Em 1946, a cerimónia de entrega de prémios foi suspensa, no rescaldo da campanha eleitoral de Outubro e Novembro de 1945, ocasião em que o Movimento de Unidade Democrática conseguiu bater o SPN na batalha pela “inteligência”. A 16 de Outubro de 1945, 29 professores da Universidade de Coimbra decidiam apoiar publicamente a oposição. A 20 de Outubro, o MUD publicava uma lista de 100 escritores alinhados pelo programa de democratização. Eram apenas 10 % dos cerca de 1000 autores recenseados no Anuário dos Escritores de 1941. Mas entre eles estavam autores célebres, como Ferreira de Castro e Aquilino Ribeiro, jornalistas famosos, como Norberto Lopes e Artur Portela, e alguns dos mais influentes mestres-pensadores da década de 1930, como António Sérgio e José Régio. Apareciam ainda os professores que iriam dominar o ensino universitário da literatura nas décadas seguintes: Hernâni Cidade, Vitorino Nemésio e Jacinto do Prado Coelho. Ao nível dos mais novos, a lista de apoiantes do MUD lê-se como uma espécie de “Quem vai ser Quem na Literatura Portuguesa”: Eugénio de Andrade, Eduardo Lourenço, Virgílio Ferreira, Fernando Namora, Jorge de Sena, Carlos de Oliveira, etc. Havia mesmo um premiado do SPN, Olavo de Eça Leal. A 10 de Novembro, o Diário de Lisboa publicava entrevistas com dois escritores, Alves Redol e Francisco Costa. Redol, publicamente conhecido como militante comunista, não falou de literatura. Em vez disso, citou muitas estatísticas para provar que o Estado Novo deixara o povo na miséria. Costa, um romancista católico que acabara de ganhar um prémio do SNP (1944), admitia que a maior parte dos escritores portugueses estava contra o regime e culpava o próprio Estado Novo pela total politização da literatura e da arte. Em Dezembro de 1945, perante a maré cheia da oposição, Salazar notou, em carta a Marcello Caetano, que além dos velhos da República, “gente nova” e “alguns intelectuais”, se viam “os antigos bolseiros do Instituto de Alta Cultura”. Porque é que o Estado Novo, apesar dos seus recursos, não conseguiu estabelecer a sua ditadura da inteligência? E porque é que o “intelectual” apareceu cada vez mais identificado com a oposição ao salazarismo?
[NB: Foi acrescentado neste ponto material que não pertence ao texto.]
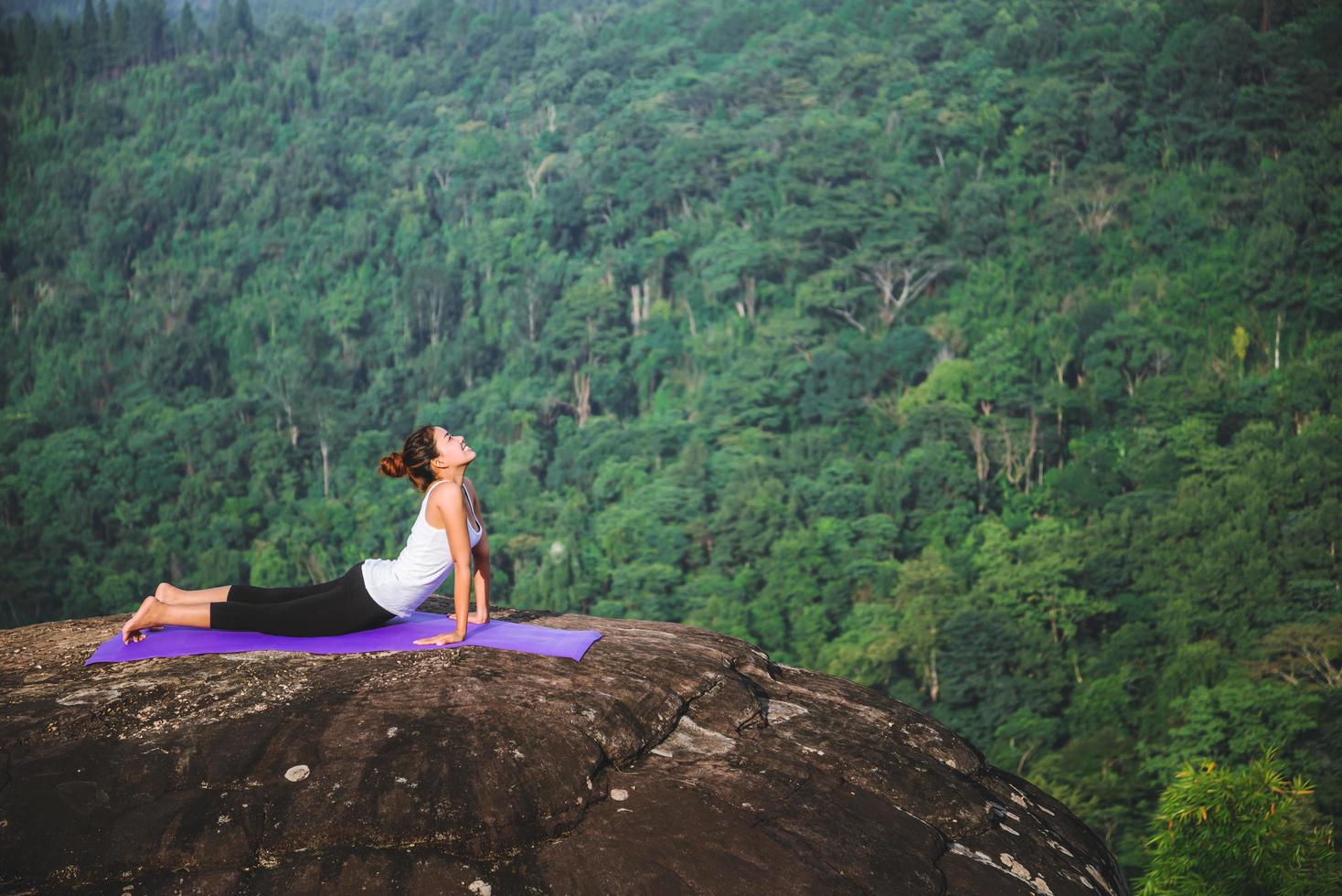 le donne asiatiche si rilassano durante le vacanze. gioca se lo yoga. sulla rupe rocciosa della montagna. natura delle foreste di montagna in thailandia. giovane donna che pratica yoga nella felicità femminile della natura. esercizio di yoga foto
4. As Oposições Intelectuais.
Em princípio, não era confortável estar contra o regime. O Estado Novo colocara as publicações escritas, os espectáculos teatrais e outros meios de comunicação sob a alçada da administração através, sobretudo, da instituição da censura prévia. Em 1937, o escritor José Marinho, recém-saído da prisão, lamentava-se numa carta a José Régio: “É muito difícil viver em Portugal, ou noutro país nas circunstâncias presentes, sem ter de ceder de alguma maneira, aqui ou ali. Se se vai para os colégios, tem de se fazer uma papeleta declarando que se está integrado etc. No jornalismo, há o contacto directo ou indirecto com a Censura, instáveis hipocrisias e concessões. No comércio, aparece o sindicato.” À primeira vista, tudo isto devia ter inibido opções anti-salazaristas por quem ambicionava uma carreira nas letras e artes. No entanto, qualquer lista dos escritores mais conhecidos de 1926 a 1974 pode soar como uma chamada de nomes da oposição ao salazarismo: à esquerda, António Sérgio, Jaime Cortesão, Aquilino Ribeiro, Ferreira de Castro, José Régio, Jorge de Sena; à direita, Tomás de Figueiredo, Afonso Lopes Vieira, Hipólito Raposo, etc. Isto não significa apenas que os mais destacados escritores se juntaram à oposição ao regime, mas que essa oposição, apesar da sua impotência política, conseguiu impôr os seus critérios de distinção intelectual. Não por acaso, a História da Literatura Portuguesa mais divulgada nas décadas de 1960 e 1970 foi escrita por dois militantes do Partido Comunista Português, António José Saraiva e Óscar Lopes (1955, com seis edições até 1969). Em 1960, Jorge de Sena descrevia a literatura portuguesa como “uma frente popular” que “agrupa quase todo o mundo na exploração comercial do anti-salazarismo”. A “aparência de oposição” era de rigor entre a gente de letras. O “intelectual” era, quase fatalmente, um escritor da oposição, com ficha na polícia e problemas com a censura. Exercia uma profissão liberal ou trabalhava em colégios particulares, jornais e editoras. No entanto, também os havia empregados nos liceus, universidades e outros serviços do estado, como Vieira de Almeida, José Régio, Jorge de Sena (até à sua saída para o Brasil), David Mourão-Ferreira, etc. Durante as campanhas eleitorais, aparecia nas listas e congressos da oposição. Nos intervalos, assinava protestos e petições por isto e aquilo.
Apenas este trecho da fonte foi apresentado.